* _INFORMATION PROVIDED_:
-- Opening Marker --
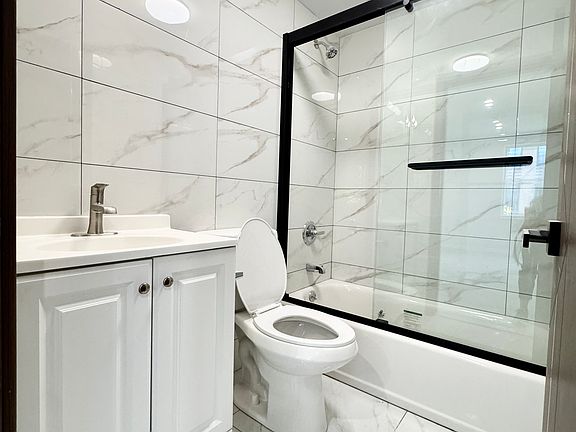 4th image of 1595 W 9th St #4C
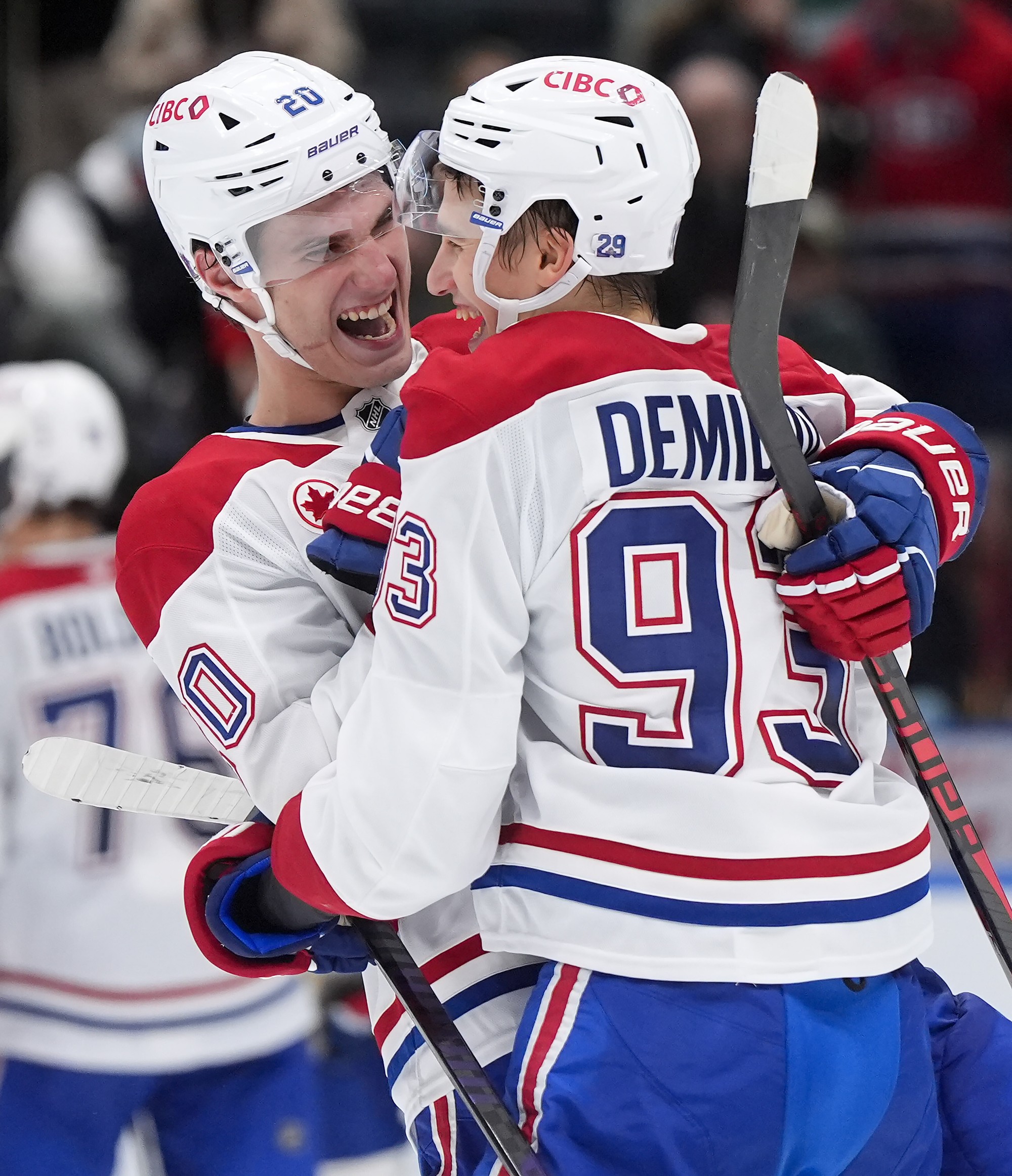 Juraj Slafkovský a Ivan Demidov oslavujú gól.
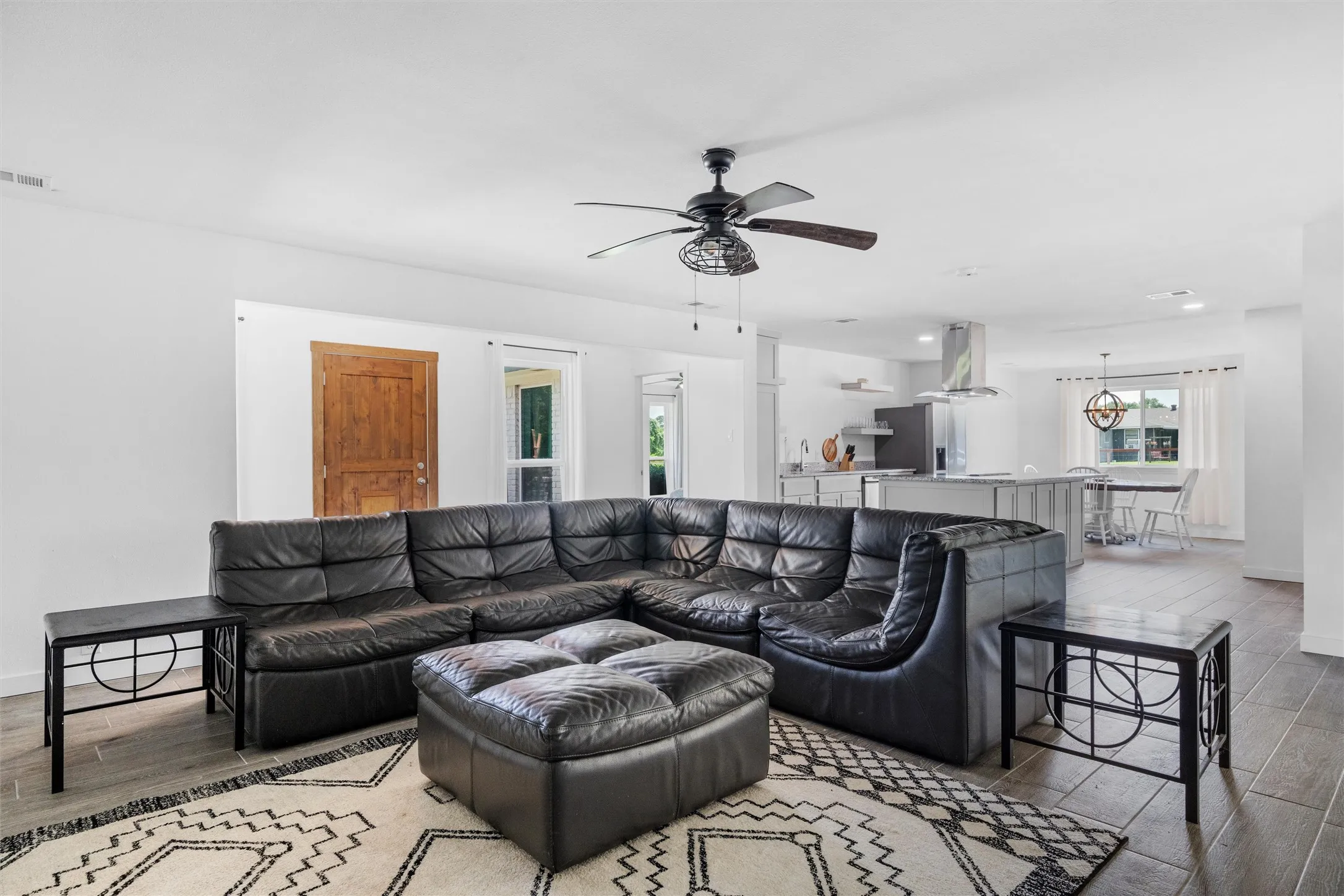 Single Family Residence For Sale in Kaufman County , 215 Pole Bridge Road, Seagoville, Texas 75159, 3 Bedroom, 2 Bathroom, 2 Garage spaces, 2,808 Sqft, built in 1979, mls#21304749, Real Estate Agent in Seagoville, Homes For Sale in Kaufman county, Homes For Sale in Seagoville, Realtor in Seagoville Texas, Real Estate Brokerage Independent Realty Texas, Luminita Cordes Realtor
-- Closing Marker --
* _EXERCISE PROMPT_: Copy the whole listing exactly, excluding the pictures in it.

* _RESULT OF THIS TASK_:
 4th image of 1595 W 9th St #4C
 Juraj Slafkovský a Ivan Demidov oslavujú gól.
 Single Family Residence For Sale in Kaufman County , 215 Pole Bridge Road, Seagoville, Texas 75159, 3 Bedroom, 2 Bathroom, 2 Garage spaces, 2,808 Sqft, built in 1979, mls#21304749, Real Estate Agent in Seagoville, Homes For Sale in Kaufman county, Homes For Sale in Seagoville, Realtor in Seagoville Texas, Real Estate Brokerage Independent Realty Texas, Luminita Cordes Realtor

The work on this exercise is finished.